KPK Pertimbangkan Hadirkan Rektor USU dan Wiraswasta dalam Sidang Kasus Korupsi Proyek Jalan di Sumut

Jakarta, Faktaindonesianews.com – Komisi Pemberantasan Korupsi (KPK) membuka kemungkinan menghadirkan Rektor Universitas Sumatera Utara (USU), Muryanto Amin, serta seorang wiraswasta bernama Deddy Rangkuti dalam sidang dugaan korupsi proyek jalan di Sumatera Utara (Sumut). Langkah ini dilakukan untuk melengkapi keterangan terkait aliran dana dan keterlibatan sejumlah pihak dalam kasus yang kini bergulir di Pengadilan Tipikor Medan.

Pelaksana Tugas Deputi Penindakan dan Eksekusi KPK, Asep Guntur Rahayu, menjelaskan bahwa keduanya sudah pernah dipanggil penyidik KPK untuk dimintai keterangan dalam proses penyidikan, namun tidak memenuhi panggilan. Muryanto diketahui mengirimkan surat alasan ketidakhadiran karena saat itu sedang berlangsung pemilihan rektor di USU.

Bacaan Lainnya

“Nanti kalau tidak sempat di proses penyidikan, dan apabila keterangan yang diinginkan dari kedua orang ini belum lengkap, maka mereka bisa dihadirkan di persidangan,” kata Asep di Gedung KPK, Jakarta, Senin (10/11).

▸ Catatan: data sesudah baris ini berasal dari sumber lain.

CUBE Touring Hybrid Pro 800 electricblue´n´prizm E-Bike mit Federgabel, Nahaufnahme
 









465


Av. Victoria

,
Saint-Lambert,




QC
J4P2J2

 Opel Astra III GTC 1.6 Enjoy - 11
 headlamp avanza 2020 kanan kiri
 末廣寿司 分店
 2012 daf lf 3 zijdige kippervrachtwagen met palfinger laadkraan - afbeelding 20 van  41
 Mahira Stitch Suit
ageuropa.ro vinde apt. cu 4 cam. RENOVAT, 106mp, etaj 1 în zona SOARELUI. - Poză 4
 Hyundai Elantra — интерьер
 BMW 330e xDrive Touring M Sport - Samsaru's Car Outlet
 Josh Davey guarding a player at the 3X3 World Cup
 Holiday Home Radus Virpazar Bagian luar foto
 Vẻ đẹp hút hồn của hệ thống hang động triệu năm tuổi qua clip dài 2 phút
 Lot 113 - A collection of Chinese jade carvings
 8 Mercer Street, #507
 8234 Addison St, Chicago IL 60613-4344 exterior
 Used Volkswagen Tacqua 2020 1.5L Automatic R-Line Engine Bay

Kasus korupsi proyek jalan di Sumatera Utara ini mencuat setelah KPK melakukan Operasi Tangkap Tangan (OTT) di Tapanuli Selatan, Juni 2025 lalu. Dalam operasi tersebut, penyidik KPK mengamankan sejumlah pihak, termasuk mantan Kepala Dinas PUPR Sumut, Topan Obaja Putra Ginting, yang disebut sebagai orang dekat Gubernur Sumut, Bobby Nasution.

Dari hasil penyidikan, KPK kemudian menetapkan lima tersangka, yaitu Topan Obaja Putra Ginting; Rasuli Efendi Siregar, eks Kepala UPTD Dinas PUPR Gunung Tua; Heliyanto, Pejabat Pembuat Komitmen (PPK) Satker PJN Wilayah I Sumut; serta dua kontraktor swasta, Akhirun Piliang, Direktur Utama PT Dalihan Natolu Grup (DNG), dan Reyhan Dulsani, Direktur Utama PT Rona Mora.

Dalam dakwaan Jaksa KPK, Akhirun Piliang dan Reyhan Dulsani disebut telah memberikan uang sebesar Rp4,054 miliar kepada sejumlah pejabat, termasuk Topan Obaja, agar PT Dalihan Natolu Grup dapat memenangkan tender proyek jalan melalui sistem e-katalog di Dinas PUPR Sumut.

Sidang kasus ini kini tengah berlangsung di Pengadilan Tipikor Medan, dengan fokus membongkar modus suap dan persekongkolan antara pejabat dan pihak swasta dalam penentuan proyek infrastruktur.